Now we are going to move to something more challenging - CIFAR10. We can reuse most of the code above. Thankfully, CIFAR is also a popular dataset, so we can again make use of a PyTorch convience function.

In [2]:
import numpy as np
import matplotlib.pyplot as plt

import torch
import torch.nn as nn
import torch.nn.functional as F
import torch.optim as optim
from torch.utils.data import DataLoader
import torchvision
from torchvision import datasets, transforms

In [11]:
def test(model, dl_test, device='cpu'):
    model.eval()
    test_loss = 0
    correct = 0
    with torch.no_grad():
        for data, target in dl_test:
            data, target = data.to(device), target.to(device)
            output = model(data)
            test_loss += F.cross_entropy(output, target, reduction='sum').item()  # sum up batch loss
            pred = output.argmax(dim=1, keepdim=True)  # get the index of the max log-probability
            correct += pred.eq(target.view_as(pred)).sum().item()

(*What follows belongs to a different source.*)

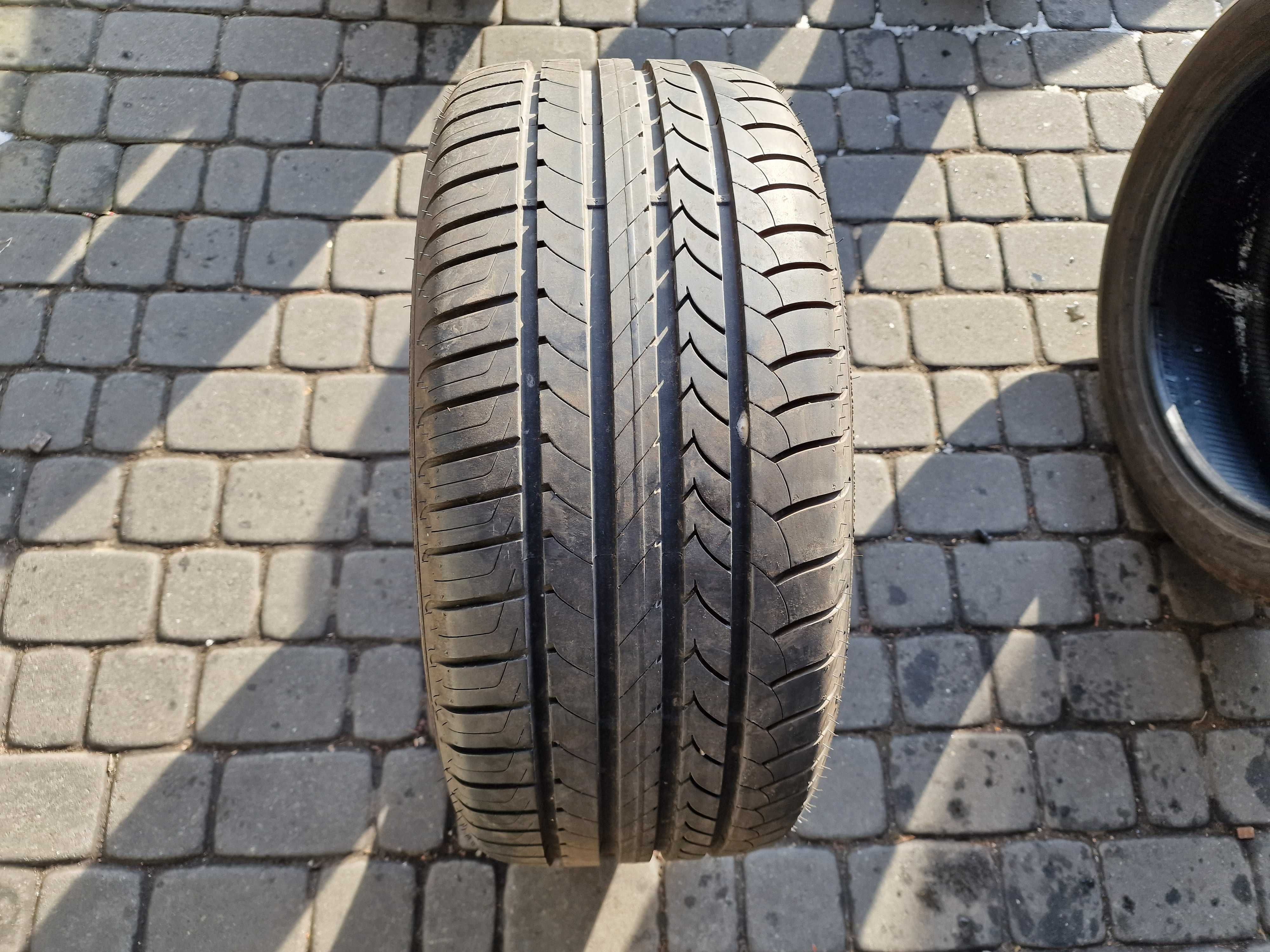 JAK NOWE Opona Goodyear EfficientGrip - 255/40/18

    test_loss /= len(dl_test.dataset)

    print('\nTest set: Average loss: {:.4f}, Accuracy: {}/{} ({:.3f}%)\n'.format(
        test_loss, correct, len(dl_test.dataset),
        100. * correct / len(dl_test.dataset)))

In [12]:
#########################################################################
# TODO: Implement the missing part of the training function. As a loss function we want to use cross entropy
# It can be called with F.cross_entropy().
# Hint: Pass through the model -> Backpropagate gradients -> Take gradient step
#########################################################################

def train(model, dl_train, optimizer, epoch, log_interval=100, device='cpu'):
    model.train()
    correct = 0
    for batch_idx, (data, target) in enumerate(dl_train):
        data, target = data.to(device), target.to(device)
        
        # first we need to zero the gradient, otherwise PyTorch would accumulate them
        optimizer.zero_grad()         
        
        ##### implement this part #####
        output = model(data)
        loss = F.cross_entropy(output, target)
        loss.backward()
        optimizer.step()
        
        ###############################

        # stats
        pred = output.argmax(dim=1, keepdim=True)  # get the index of the max log-probability
        correct += pred.eq(target.view_as(pred)).sum().item()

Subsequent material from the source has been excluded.